Acacia floors are so long-wearing it’s not uncommon to find them sold with a 50-year guarantee. Harder than oak, maple, and mahogany, acacia can easily stand up to frequent foot traffic even in a household with active kids and pets. Despite its hardness, acacia still has plenty of resilience, so it’s comfortable underfoot.
Its natural resistance to water and mold growth means it’s unlikely to swell or warp in a humid climate. It’s also fire resistant, improving the safety of your home. That said, like any hardwood, it doesn’t hold up well in standing water, so if you install it in the kitchen or bath, you’ll need to mop up any major spills quickly.
In terms of regular care requirements, acacia is fairly undemanding. To keep it clean, all you’ll need to do is sweep now and then, and damp-mop once a week. No special cleaners are needed. Unlike more delicate wood species, acacia is unlikely to sustain scratches from moderate amounts of dirt and debris.
In fact, its variegated coloring hides dirt so your floor will keep looking good even if you can’t find time to clean as often as you’d like. Depending on the amount of wear your floor sees and the amount of shine you prefer, it could be 10 years or longer before you’ll need to re-finish.
Acacia might look pricey, but it costs less than many exotic hardwoods such as teak, mahogany or rosewood. Factor in the durability and ease of maintenance an acacia floor offers, and you’ve got a flooring material that’s a decidedly cost-effective long-term investment.
Acacia flooring is available in solid, engineered, and laminate forms, giving you several options for meeting your budget. Choosing a machine-scraped over a hand-scraped finish will also bring the cost down. Although not the most common flooring choice, acacia is popular enough that you should have no trouble finding a range of types, colors, and finishes.
Installation isn’t usually difficult, so you won’t have to worry about surprise costs there.
Although considered an exotic hardwood, acacia grows quickly and requires little additional water, fertilizers or pesticides. This makes it a much more environmentally friendly choice for wood flooring than other popular exotic hardwoods. Better yet, because it stands up to wear so well, it can often be salvaged and reused when a house is remodeled or razed. To be sure the acacia flooring you buy is eco-friendly, look for a product certified by the Forest Stewardship Council (FSC) or a similar organization.
The Cons: Inconsistent Coloring and Design Limitations
Acacia’s coloring doesn’t appeal to everyone, and the lack of long planks only increases the unusual look of floors made with this wood.
In addition to its color variations, acacia often comes with knots and other irregularities. While some feel this adds to the floor’s character, others find it too showy and distracting. Acacia’s striking appearance draws the eye to the floor, which is something you’ll need to consider when designing the room.

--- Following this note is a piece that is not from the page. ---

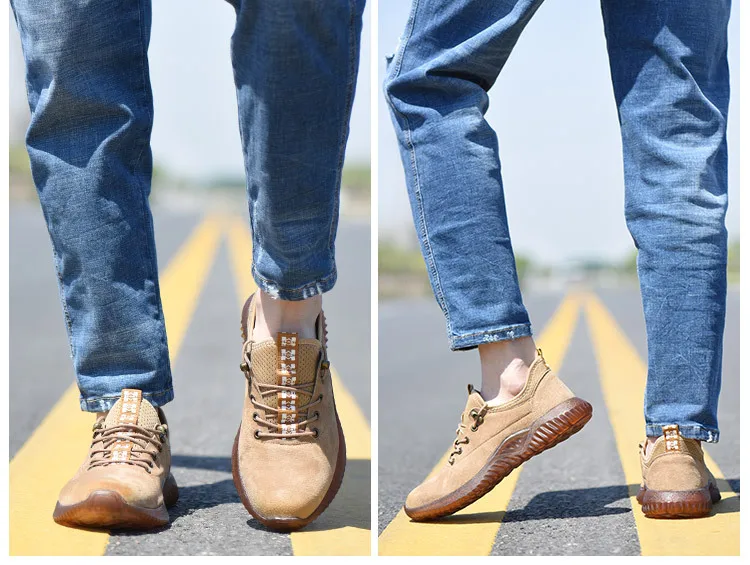 Дышащая сетчатая защитная обувь мужские легкие кроссовки небьющиеся стальные носочки мягкие Нескользящие рабочие ботинки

Staining the floor can even out the coloring somewhat, particularly if you choose a darker stain. Ultimately, though, if you prefer a floor with subtle, consistent shades, you’ll achieve that better with a material such as maple, walnut, pine or bamboo.
Acacia trees are often more like tall shrubs than typical trees. Because of this, planks made from acacia are shorter than those made from more common hardwoods such as maple and oak.
Acacia flooring planks are usually around 2 feet long and rarely more than 4 feet long. These shorter lengths will give your floor a somewhat different appearance from a floor made with longer planks. The higher number of joints also adds to the irregular look of an acacia floor. On the plus side, shorter planks work well for herringbone, chevron, and basket floor patterns.
When you buy acacia flooring, make sure it’s been properly kiln dried. If this process isn’t done correctly, the planks are at risk of shrinking after installation. This is particularly likely in very dry, desert-climate homes.
Making Your Choice
If you’re looking for a tough, eco-friendly flooring material that will add a unique character to your room, acacia is an excellent choice. While it’s not impervious to damage, it can keep looking good for decades even in a busy household. Its eye-catching coloring doesn’t suit every style of home, though. If you want a floor that quietly blends in with its surroundings, you’ll be happier avoiding acacia.